A better name for this plan is P2/G2/D2.
P2 (B1G, SEC)
G2 (ACC, PAC)
D2 (the rest)
Non-"rival" ACC schools in different divisions only see each other every 6 years not merely because there are 14 teams. It's also due to poor alignment and scheduling by the conference. A better alignment of the divisions would put more rivals together. For example:
Atlantic: Clemson, Duke, Florida State, Georgia Tech, NC State, North Carolina, Wake Forest
Coastal: Boston College, Louisville, Miami, Pittsburgh, Syracuse, Virginia, Virginia Tech
More respectful of geography while still remaining fairly balanced in terms of football strength. And now all the NC teams can play each other every year.
With regard to schedule, even with the ACC's current 8-game conference slate, each school should be able to play every school in the other division within 4 years. This would require dropping the protected crossover, but realigning the divisions as above makes protected crossovers less necessary. With a 9-game conference schedule, it would be 3 years. Of course, the primary reason they haven't gone to 9 is to accommodate Notre Dame, which really seems unfair to the full ACC members.

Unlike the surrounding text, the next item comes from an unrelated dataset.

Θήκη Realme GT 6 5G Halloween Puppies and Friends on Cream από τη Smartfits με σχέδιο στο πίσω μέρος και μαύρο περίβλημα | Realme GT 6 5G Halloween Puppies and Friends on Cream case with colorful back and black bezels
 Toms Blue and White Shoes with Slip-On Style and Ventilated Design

A more radical solution is to drop scheduling based strictly on division and preserve only a few annual matchups. With the current 8-game schedule, each school could have up to 3 protected annual matchups while still being able to play all the teams in the conference within 2 years. Increasing the schedule to 9 games allows for up to 4 protected annual matchups while still seeing all teams within 2 years. In these cases, the divisions might only remain in place as a playoff structure or simply be abolished altogether.
Division realignment has been discussed at length... and then some more... and then some more... on the ACC board. Your divisions were probably in one of the thousands of iterations but there are still problems. Louisville wants to play FSU every year. UNC wants to play UVA every year. FSU and Miami want to play every year. And the list goes on.

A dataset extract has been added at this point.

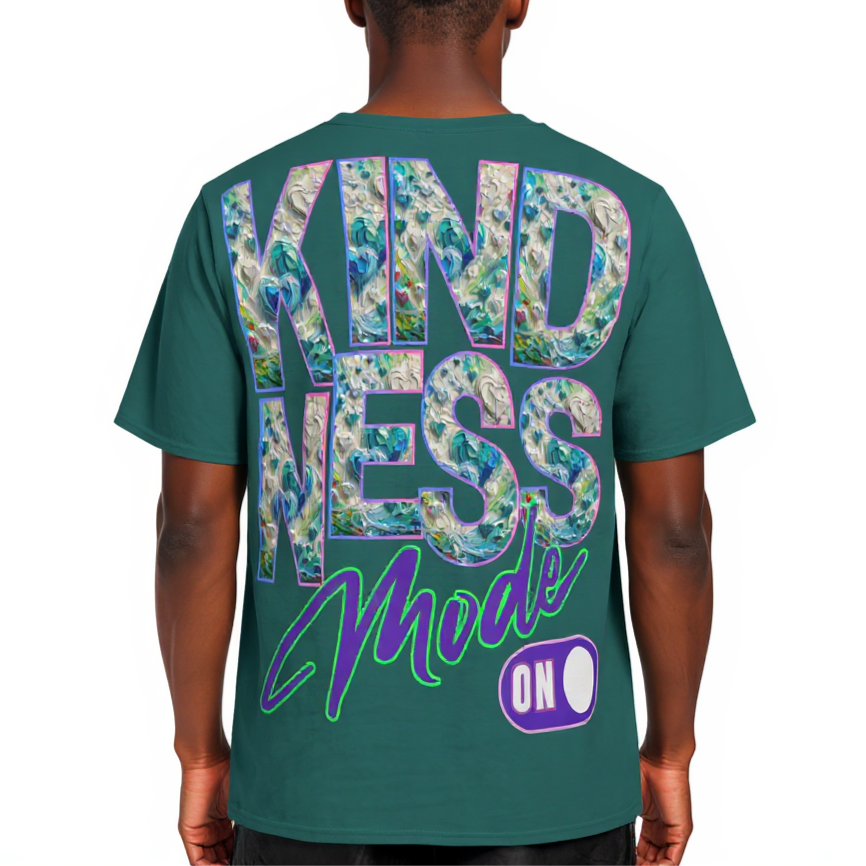 Men's Crewneck Cotton+Polyester Premium T-shirt | "Kindness Mode On"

There are many examples of conferences getting too big and splitting. The SoCon had 23 teams when the SEC split off. They grew to 19 when the ACC split off. The WAC got to 16 when the MWC split. The BE go so big, with so many competing interests it split.
I see your point that a change in attitude is needed for bigger conferences. However, I don't think college sports is anywhere near there yet. I think your proposed ACC divisions makes it even easier for the ACC to split and/or be raided.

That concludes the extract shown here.